With experience programming complex applications both on C++ and Smalltalk, I have experienced coding in a live environment is all but a tiny advantage, it is a real productivity booster. The more complex your application the more productivity gain you have. In an interactive geometry application as Dr. Geo (http://drgeo.eu) , the combined use of in-situation inspector, debugger and live code editing on graphic geometry items, ease issues finding and fixing. Fixing issues is much more easier and pleasant thanks to the developer tooling. This is not without mentioning other advantages as a better source code access and understanding thanks to the class browser. In C++ I was using Emacs.

> I have to believe that there's some way to remove the development environment from the final image, It really depends on the Smalltalk implementation. I heard Dolphin Smalltalk (http://www.object-arts.com/) or Smalltalk X (https://www.exept.de/en/smalltalk-x.html) are really good at that. Pharo itself is doing progress in that specific direction.

1 comments

What do you think about the proposition that a good chunk of the difference in productivity was due to the fact that you were no longer dealing with such a shitty language as C++? ;)

The way you explain the advantages, it seems like the live environment is much more beneficial when developing highly interactive applications, perhaps GUI applications especially, but the advantages of the live environment wouldn't come into play so much when developing non-interactive, "batch mode" applications. Do you think that's a fair assessment?

If so, then perhaps one reason I didn't find much value in the Smalltalk environment is that I wasn't developing interactive applications. With batch applications, I've come to find that even classical debuggers aren't quite as helpful as they are with interactive applications, because depending on how long it takes your program to run, it can often be faster to run a test case and inspect the log than to set a few breakpoints and step until you find your problem.

AFAIK, in Java or Python, I don't find this live environment either. Also I found these languages to be over-complex or inconsistent in their paradigm. I remember Java to be overequiped in its Object representation or Python to be inconsistent with its String object. In Smalltalk I don't need to question my self with the language itself: it is always consistent, rooted to a few set of rules. Only questioning is when dealing with the functionality of a class or method, but in that case I can look in the live environment itself use case of a class or method new to me.

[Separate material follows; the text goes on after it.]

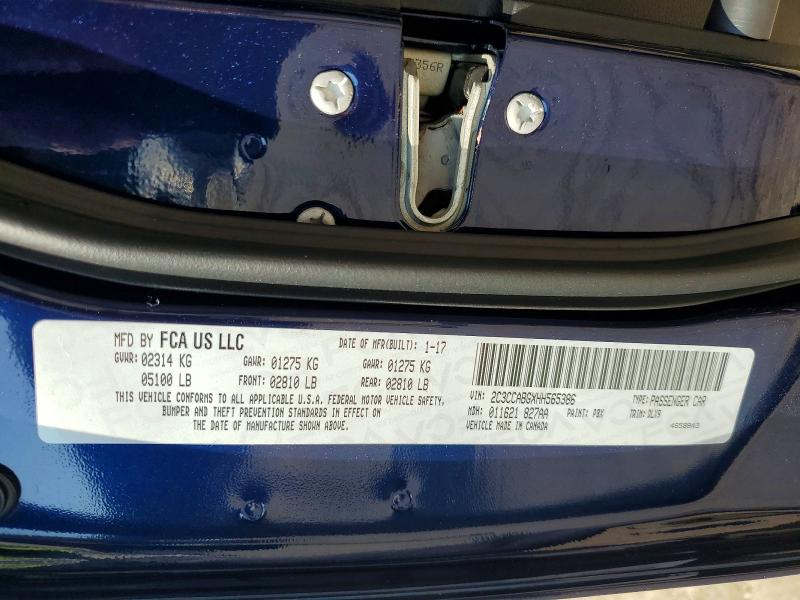 Продаж на аукціоні авто 2017 Chrysler 300, vin: 2C3CCABGXHH565386, номер лоту: 51068246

In my experience live environment brings added values when you need to fix issues arising in the middle of a complex process of data and state computation or manipulation. In such situation, logging errors, fixing, rebuild, rerun, positioning the program states where the errors raised is very time consuming (and frustrating) than fixing in the live environment where you just need to recompile the faulty code (method granularity), adjust the data and resume the execution of the program from there.

In my experience it is true for GUI interactive application, fixing non interactive algorithm, processing data, web application.

By batch mode, I guess you mean processing data. If the process is complex, the live environment will help to get more quickly a proper and safer code. But may be in that case, you want a small script or executable you can move along easier than the Smalltalk environment. That's an area of use I don't know with Smalltalk and Smaltalk was not designed for that use case, although it seems people are using it too as a script tool. I will interested to read about that use cases too.